By Emily C. Roland, Mark D. Behn and Greg Hirth


Author Posting. © American Geophysical Union, 2010. This article is posted here by permission of American Geophysical Union for personal use, not for redistribution. The definitive version was published in Geochemistry Geophysics Geosystems 11 (2010): Q07001, doi:10.1029/2010GC003034.To investigate the spatial distribution of earthquakes along oceanic transform faults, we utilize a 3-D finite element model to calculate the mantle flow field and temperature structure associated with a ridge-transform-ridge system. The model incorporates a viscoplastic rheology to simulate brittle failure in the lithosphere and a non-Newtonian temperature-dependent viscous flow law in the underlying mantle. We consider the effects of three key thermal and rheological feedbacks: (1) frictional weakening due to mantle alteration, (2) shear heating, and (3) hydrothermal circulation in the shallow lithosphere. Of these effects, the thermal structure is most strongly influenced by hydrothermal cooling. We quantify the thermally controlled seismogenic area for a range of fault parameters, including slip rate and fault length, and find that the area between the 350°C and 600°C isotherms (analogous to the zone of seismic slip) is nearly identical to that predicted from a half-space cooling model. However, in contrast to the half-space cooling model, we find that the depth to the 600°C isotherm and the width of the seismogenic zone are nearly constant along the fault, consistent with seismic observations. The calculated temperature structure and zone of permeable fluid flow are also used to approximate the stability field of hydrous phases in the upper mantle.

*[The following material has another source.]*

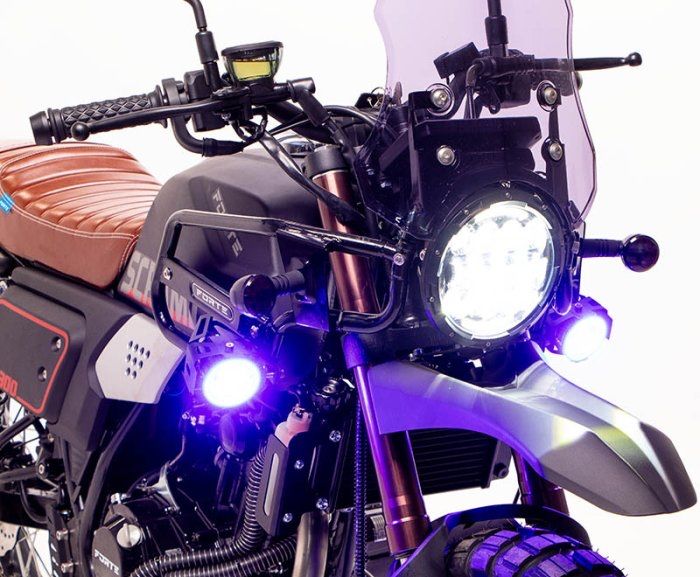 Новий FORTE FT300 F6P 2026 scrambler мотоцикл 300cc дорожній байк доставка по Україні Скрамблер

We find that for slow slipping faults, the potential zone of hydrous alteration extends greater than 10 km in depth, suggesting that transform faults serve as a significant pathway for water to enter the oceanic upper mantle.The material presented here is based on work supported by the National Science Foundation Division of Ocean Sciences (OCE) grants 0623188 (M.B. and G.H.) and 0649103 (M.B.) and Division of Earth Sciences (EAR) grant 0814513 (G.H.)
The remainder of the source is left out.